(Collection entries)
────────────────

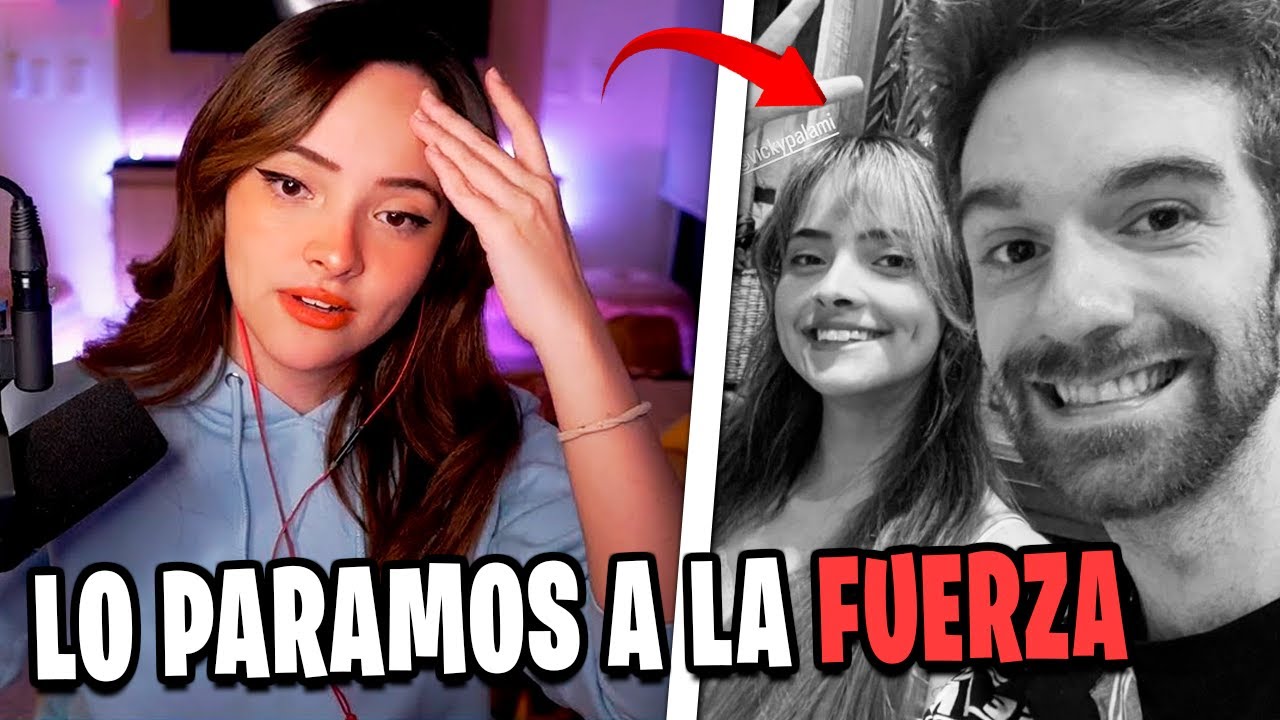 QUE PASÓ CON EL SHIP DE VICKY Y SHADOUNE? 😯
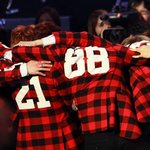 [EXO] 진짜 엑소한테 너무 감사하다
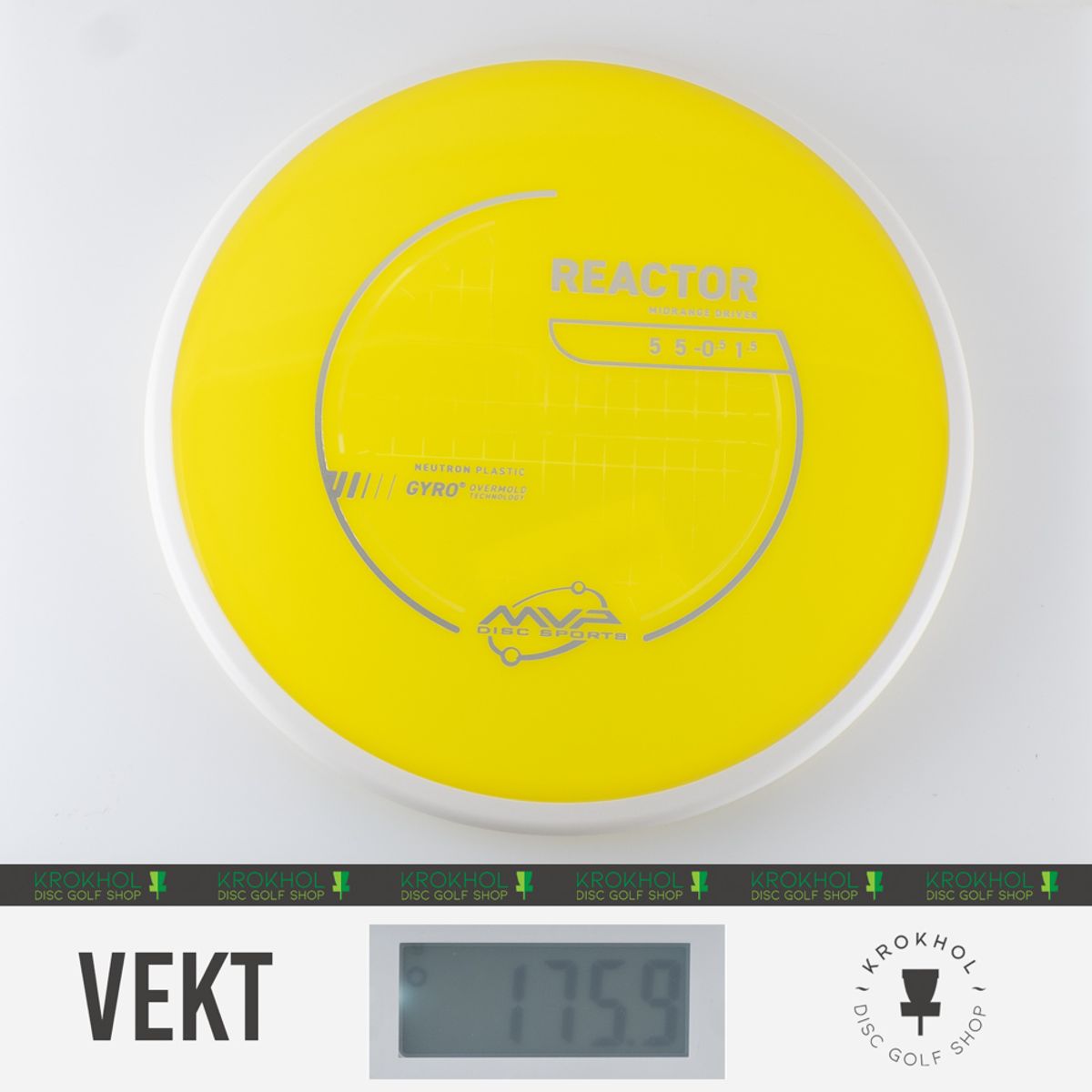 Neutron Reactor - Project Lab Coat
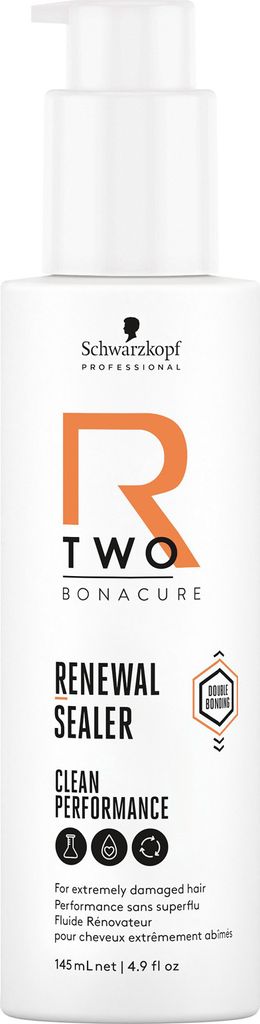Schwarzkopf BC R-TWO Sigillante Rinnovatore 145 ml Immagine del prodotto 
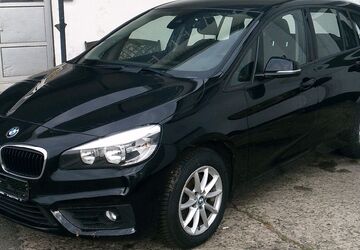 BMW 218 140.920 km 11.995 &euro; Schwerin 19061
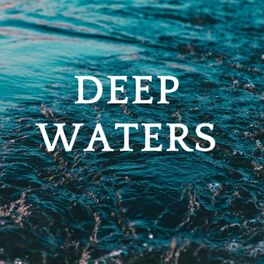 Album cover of Deep Waters (feat. Crooked Still)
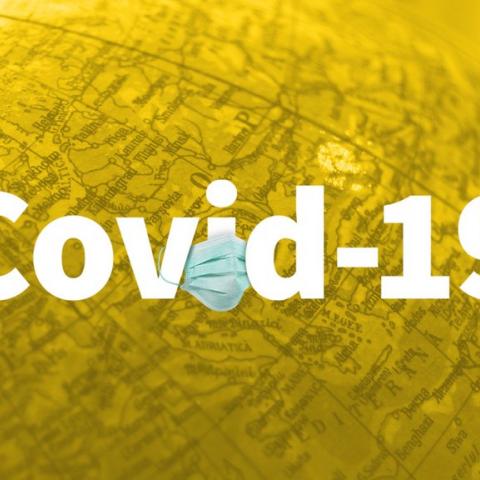 COVID-19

────────────────

What you will do:
In the copy, no pictures should appear; the records themselves must be repeated exactly.

Task response:
 QUE PASÓ CON EL SHIP DE VICKY Y SHADOUNE? 😯
 [EXO] 진짜 엑소한테 너무 감사하다
 Neutron Reactor - Project Lab Coat
Schwarzkopf BC R-TWO Sigillante Rinnovatore 145 ml Immagine del prodotto 
 BMW 218 140.920 km 11.995 &euro; Schwerin 19061
 Album cover of Deep Waters (feat. Crooked Still)
 COVID-19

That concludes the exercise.